__What the task requires__: What you return should be the lines of the data containing "Street", each in full.

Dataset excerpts
□ □ □ □ □ □ □

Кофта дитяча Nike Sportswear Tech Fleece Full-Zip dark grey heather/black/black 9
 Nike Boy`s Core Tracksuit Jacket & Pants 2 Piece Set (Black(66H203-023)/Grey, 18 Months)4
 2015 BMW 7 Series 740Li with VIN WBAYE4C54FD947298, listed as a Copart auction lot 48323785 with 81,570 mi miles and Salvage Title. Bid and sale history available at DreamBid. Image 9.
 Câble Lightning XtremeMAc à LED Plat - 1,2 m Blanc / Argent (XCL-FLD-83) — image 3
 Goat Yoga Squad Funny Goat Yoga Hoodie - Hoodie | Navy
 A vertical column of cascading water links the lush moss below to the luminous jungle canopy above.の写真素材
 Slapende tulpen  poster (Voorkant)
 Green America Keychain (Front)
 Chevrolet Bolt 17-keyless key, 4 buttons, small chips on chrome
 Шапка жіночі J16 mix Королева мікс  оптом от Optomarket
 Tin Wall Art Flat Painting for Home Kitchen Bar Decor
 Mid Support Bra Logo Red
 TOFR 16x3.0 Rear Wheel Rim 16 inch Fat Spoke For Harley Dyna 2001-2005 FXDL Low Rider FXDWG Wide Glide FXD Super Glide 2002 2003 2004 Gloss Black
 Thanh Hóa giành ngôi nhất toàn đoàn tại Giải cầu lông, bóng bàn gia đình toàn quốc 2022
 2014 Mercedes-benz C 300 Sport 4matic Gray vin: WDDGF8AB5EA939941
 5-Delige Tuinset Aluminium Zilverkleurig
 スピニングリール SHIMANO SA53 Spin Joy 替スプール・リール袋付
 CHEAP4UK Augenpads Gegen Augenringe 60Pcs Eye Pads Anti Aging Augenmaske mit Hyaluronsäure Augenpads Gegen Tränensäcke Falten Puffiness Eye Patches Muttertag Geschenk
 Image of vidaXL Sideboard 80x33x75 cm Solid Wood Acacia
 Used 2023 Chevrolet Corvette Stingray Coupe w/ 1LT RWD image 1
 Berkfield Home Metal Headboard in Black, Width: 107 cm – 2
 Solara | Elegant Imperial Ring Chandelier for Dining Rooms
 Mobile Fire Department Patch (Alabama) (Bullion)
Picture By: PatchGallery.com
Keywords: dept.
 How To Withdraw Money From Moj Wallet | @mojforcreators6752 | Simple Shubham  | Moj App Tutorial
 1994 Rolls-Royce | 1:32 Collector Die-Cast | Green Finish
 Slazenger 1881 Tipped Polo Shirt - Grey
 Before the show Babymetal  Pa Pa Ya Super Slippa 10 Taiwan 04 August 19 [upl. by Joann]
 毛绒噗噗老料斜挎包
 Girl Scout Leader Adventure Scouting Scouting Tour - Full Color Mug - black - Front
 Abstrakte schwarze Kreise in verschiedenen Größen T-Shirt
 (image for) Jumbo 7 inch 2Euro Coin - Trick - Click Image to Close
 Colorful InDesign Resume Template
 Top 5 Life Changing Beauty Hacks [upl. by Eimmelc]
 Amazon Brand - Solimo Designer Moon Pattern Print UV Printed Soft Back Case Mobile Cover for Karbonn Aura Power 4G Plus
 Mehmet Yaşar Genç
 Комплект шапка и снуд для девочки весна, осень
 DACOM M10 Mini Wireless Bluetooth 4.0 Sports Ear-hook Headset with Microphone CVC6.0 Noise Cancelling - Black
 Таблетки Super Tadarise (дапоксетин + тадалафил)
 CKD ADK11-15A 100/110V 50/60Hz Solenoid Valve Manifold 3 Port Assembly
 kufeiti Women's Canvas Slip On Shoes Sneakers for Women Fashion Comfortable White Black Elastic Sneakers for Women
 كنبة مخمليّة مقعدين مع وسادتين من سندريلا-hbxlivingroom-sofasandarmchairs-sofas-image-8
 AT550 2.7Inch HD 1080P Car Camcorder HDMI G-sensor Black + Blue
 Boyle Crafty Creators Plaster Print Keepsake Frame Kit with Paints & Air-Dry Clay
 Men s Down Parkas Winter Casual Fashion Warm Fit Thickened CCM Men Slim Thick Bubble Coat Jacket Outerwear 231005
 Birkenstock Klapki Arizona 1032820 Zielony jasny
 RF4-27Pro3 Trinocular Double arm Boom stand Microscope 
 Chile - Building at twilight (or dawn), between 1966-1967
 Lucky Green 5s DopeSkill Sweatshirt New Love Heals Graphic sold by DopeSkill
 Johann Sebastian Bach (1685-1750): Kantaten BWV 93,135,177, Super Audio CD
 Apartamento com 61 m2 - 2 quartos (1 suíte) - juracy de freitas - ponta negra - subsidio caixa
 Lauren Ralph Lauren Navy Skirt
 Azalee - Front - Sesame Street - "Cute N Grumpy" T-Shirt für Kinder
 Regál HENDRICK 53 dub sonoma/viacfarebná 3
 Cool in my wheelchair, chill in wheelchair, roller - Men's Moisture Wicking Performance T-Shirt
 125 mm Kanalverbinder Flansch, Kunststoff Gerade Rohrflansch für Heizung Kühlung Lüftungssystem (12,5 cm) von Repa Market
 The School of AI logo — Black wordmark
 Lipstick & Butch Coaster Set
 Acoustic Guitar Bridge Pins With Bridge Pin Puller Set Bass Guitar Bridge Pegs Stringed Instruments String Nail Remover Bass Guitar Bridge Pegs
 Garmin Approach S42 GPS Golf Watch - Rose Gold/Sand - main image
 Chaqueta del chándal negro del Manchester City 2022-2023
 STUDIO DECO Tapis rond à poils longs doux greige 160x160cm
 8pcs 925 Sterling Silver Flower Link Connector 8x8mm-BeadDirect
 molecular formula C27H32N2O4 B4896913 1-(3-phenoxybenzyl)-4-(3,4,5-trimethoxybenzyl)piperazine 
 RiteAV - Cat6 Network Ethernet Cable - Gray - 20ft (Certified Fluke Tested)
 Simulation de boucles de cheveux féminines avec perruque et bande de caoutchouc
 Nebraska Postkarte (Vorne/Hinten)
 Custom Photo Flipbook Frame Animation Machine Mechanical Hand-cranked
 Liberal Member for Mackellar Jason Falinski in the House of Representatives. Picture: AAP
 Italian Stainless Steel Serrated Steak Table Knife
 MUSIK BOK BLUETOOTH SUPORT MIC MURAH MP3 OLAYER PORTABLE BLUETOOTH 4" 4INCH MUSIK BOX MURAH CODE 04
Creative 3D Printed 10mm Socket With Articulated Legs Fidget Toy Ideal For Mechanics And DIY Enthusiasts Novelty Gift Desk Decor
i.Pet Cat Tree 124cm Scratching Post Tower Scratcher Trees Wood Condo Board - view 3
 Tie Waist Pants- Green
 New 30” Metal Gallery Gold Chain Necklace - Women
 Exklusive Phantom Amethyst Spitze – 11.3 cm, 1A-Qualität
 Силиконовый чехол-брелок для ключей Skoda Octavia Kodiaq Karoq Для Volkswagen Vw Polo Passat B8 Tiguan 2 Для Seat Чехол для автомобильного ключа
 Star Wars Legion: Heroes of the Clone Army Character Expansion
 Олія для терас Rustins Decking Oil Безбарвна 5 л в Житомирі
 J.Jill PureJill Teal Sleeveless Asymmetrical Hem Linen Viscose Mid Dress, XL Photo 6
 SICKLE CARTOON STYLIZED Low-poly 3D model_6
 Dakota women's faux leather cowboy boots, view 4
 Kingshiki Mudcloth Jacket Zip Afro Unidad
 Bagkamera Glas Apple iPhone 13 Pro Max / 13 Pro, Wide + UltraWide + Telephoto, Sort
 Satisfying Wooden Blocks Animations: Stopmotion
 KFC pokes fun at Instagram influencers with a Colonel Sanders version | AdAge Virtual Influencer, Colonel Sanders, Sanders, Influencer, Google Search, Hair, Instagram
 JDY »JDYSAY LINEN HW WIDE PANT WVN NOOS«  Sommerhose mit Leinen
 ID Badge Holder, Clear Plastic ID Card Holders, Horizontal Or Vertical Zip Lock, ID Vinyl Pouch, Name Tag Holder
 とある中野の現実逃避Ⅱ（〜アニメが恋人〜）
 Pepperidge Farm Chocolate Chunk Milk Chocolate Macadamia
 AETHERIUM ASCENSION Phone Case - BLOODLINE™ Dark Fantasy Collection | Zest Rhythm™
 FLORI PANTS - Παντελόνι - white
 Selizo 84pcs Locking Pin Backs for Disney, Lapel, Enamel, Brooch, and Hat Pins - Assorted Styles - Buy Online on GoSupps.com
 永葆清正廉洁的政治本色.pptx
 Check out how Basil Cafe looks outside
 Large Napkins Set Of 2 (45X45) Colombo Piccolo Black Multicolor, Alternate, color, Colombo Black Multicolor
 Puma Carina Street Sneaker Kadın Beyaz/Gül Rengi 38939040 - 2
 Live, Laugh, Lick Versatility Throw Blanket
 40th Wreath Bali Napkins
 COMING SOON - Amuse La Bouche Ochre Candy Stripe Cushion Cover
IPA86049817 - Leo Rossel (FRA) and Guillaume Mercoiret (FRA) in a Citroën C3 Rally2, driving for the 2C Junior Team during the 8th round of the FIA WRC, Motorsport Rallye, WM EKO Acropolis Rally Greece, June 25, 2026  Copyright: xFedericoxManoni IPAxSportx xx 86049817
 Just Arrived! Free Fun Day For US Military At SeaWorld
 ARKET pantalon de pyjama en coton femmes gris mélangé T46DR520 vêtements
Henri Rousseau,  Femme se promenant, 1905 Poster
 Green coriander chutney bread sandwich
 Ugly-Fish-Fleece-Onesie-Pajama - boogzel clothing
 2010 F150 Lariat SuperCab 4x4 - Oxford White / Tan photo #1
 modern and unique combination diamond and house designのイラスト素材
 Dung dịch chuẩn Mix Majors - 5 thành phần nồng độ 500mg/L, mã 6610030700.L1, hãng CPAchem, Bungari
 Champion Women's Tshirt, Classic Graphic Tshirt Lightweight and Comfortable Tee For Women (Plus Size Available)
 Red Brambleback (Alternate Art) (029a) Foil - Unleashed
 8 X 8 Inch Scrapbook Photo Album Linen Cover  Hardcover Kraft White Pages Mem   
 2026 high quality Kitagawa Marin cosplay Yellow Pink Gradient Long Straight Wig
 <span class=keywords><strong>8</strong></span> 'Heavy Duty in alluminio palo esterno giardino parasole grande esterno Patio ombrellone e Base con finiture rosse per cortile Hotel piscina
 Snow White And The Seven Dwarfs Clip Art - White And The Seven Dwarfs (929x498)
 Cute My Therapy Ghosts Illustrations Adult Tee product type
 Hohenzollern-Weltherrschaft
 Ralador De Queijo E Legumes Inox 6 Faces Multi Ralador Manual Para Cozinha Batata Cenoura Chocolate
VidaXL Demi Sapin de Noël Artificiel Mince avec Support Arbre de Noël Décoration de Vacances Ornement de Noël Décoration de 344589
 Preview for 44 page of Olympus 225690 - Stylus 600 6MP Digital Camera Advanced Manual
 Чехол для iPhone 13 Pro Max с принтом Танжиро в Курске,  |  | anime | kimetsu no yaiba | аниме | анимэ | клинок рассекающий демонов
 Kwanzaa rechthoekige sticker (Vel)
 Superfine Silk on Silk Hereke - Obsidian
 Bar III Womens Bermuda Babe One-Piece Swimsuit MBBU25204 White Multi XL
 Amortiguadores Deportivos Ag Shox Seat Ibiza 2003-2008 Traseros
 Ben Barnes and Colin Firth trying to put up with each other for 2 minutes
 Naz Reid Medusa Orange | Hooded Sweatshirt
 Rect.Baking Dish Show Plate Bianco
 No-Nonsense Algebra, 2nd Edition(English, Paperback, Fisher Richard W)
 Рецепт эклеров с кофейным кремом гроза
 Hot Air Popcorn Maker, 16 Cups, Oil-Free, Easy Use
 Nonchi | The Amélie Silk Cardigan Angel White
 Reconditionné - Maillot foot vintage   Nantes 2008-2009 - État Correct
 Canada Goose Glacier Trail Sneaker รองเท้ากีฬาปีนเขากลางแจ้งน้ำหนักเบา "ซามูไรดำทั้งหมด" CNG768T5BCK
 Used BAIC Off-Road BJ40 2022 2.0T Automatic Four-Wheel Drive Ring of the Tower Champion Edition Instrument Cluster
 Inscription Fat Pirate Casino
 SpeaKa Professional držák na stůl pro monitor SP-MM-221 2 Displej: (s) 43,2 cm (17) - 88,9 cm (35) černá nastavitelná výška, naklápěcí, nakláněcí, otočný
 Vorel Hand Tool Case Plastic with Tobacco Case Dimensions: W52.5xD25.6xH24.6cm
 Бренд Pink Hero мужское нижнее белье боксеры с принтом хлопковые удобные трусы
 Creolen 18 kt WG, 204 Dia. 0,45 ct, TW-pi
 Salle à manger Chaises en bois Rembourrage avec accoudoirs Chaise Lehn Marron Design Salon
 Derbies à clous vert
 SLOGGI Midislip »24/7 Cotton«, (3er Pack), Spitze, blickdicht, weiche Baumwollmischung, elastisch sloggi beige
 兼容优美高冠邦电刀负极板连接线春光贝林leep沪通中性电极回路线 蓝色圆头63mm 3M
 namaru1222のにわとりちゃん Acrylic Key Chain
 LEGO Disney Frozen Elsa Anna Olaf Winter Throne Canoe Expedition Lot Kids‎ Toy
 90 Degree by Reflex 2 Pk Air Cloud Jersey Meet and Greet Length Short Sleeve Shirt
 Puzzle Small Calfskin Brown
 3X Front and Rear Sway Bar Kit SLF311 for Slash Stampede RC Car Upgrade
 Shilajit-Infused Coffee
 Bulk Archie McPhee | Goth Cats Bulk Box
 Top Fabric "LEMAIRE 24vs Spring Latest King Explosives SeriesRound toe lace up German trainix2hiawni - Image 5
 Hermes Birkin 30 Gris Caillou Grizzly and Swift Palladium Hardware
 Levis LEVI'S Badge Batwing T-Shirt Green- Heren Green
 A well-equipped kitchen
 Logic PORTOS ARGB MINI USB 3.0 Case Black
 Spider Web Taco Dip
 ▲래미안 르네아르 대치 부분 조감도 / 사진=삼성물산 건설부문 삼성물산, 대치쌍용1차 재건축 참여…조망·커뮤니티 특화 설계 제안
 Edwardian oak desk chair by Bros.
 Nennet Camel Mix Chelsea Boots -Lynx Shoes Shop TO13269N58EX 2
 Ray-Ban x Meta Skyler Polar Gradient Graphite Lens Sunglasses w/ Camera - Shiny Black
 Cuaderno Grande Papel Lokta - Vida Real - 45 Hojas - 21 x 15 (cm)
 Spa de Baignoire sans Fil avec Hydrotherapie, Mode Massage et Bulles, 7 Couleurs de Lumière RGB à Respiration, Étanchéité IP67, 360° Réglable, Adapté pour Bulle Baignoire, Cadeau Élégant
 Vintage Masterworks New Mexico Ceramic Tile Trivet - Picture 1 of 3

□ □ □ □ □ □ □

__Solution for this problem__:
 Azalee - Front - Sesame Street - "Cute N Grumpy" T-Shirt für Kinder
 Puma Carina Street Sneaker Kadın Beyaz/Gül Rengi 38939040 - 2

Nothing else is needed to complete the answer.